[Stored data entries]
======

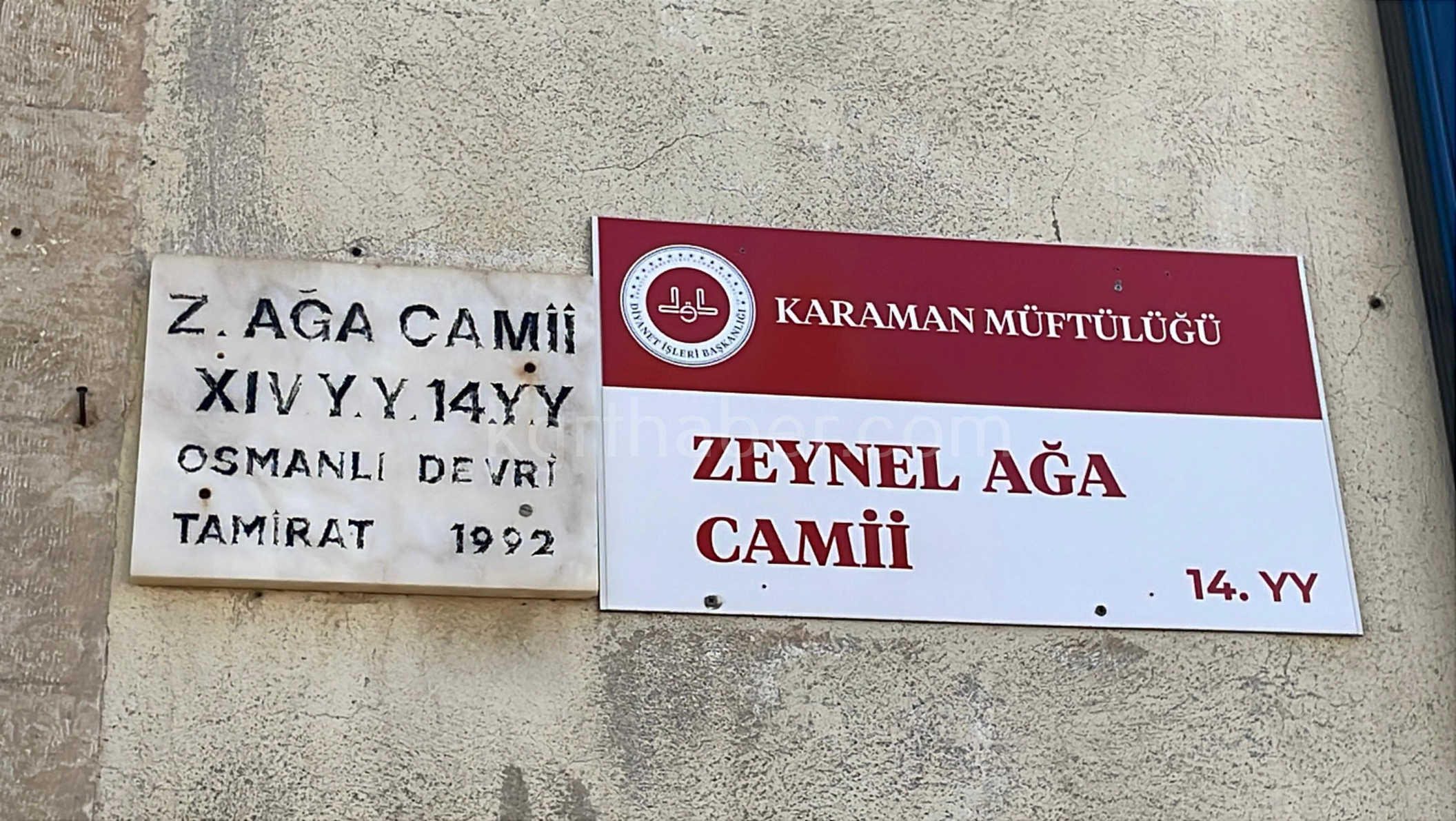 Karamanda Muhtardan Tarihi Sarnic Iddiasi Ici Su Dolu9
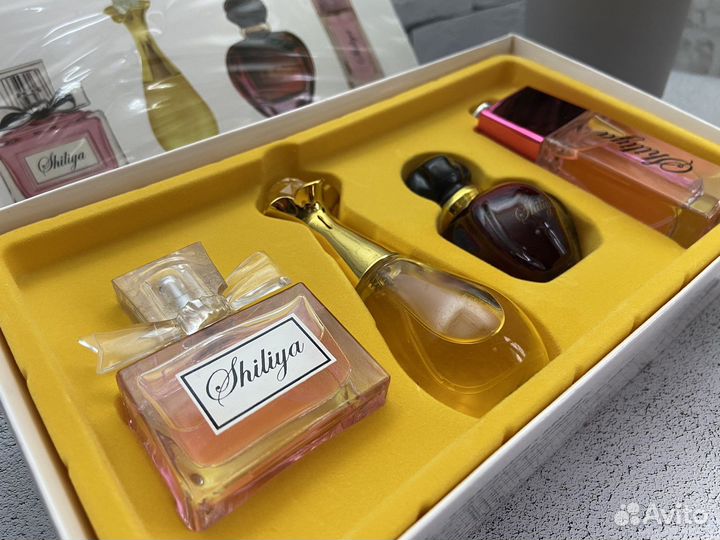 Подарочный набор аналог Dior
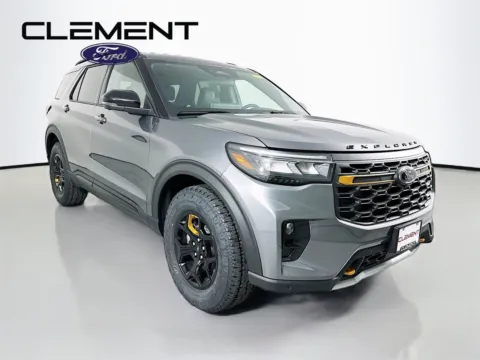 Another view of 2026 Ford Explorer Tremor for sale in Wentzville, MO at Clement Ford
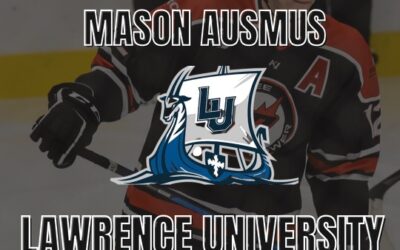 Ausmus commits to NCAA Division III Lawrence University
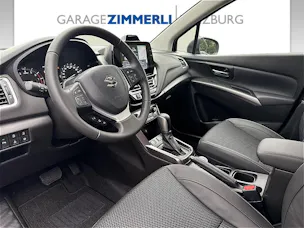Suzuki S-Cross 1.4 Turbo 16V Compact Top Hybrid 4WD Automatic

======

__Try it__
Copy out every entry above exactly. Leave the pictures out.

__Reply__
 Karamanda Muhtardan Tarihi Sarnic Iddiasi Ici Su Dolu9
 Подарочный набор аналог Dior
 Another view of 2026 Ford Explorer Tremor for sale in Wentzville, MO at Clement Ford
 Ausmus commits to NCAA Division III Lawrence University
Suzuki S-Cross 1.4 Turbo 16V Compact Top Hybrid 4WD Automatic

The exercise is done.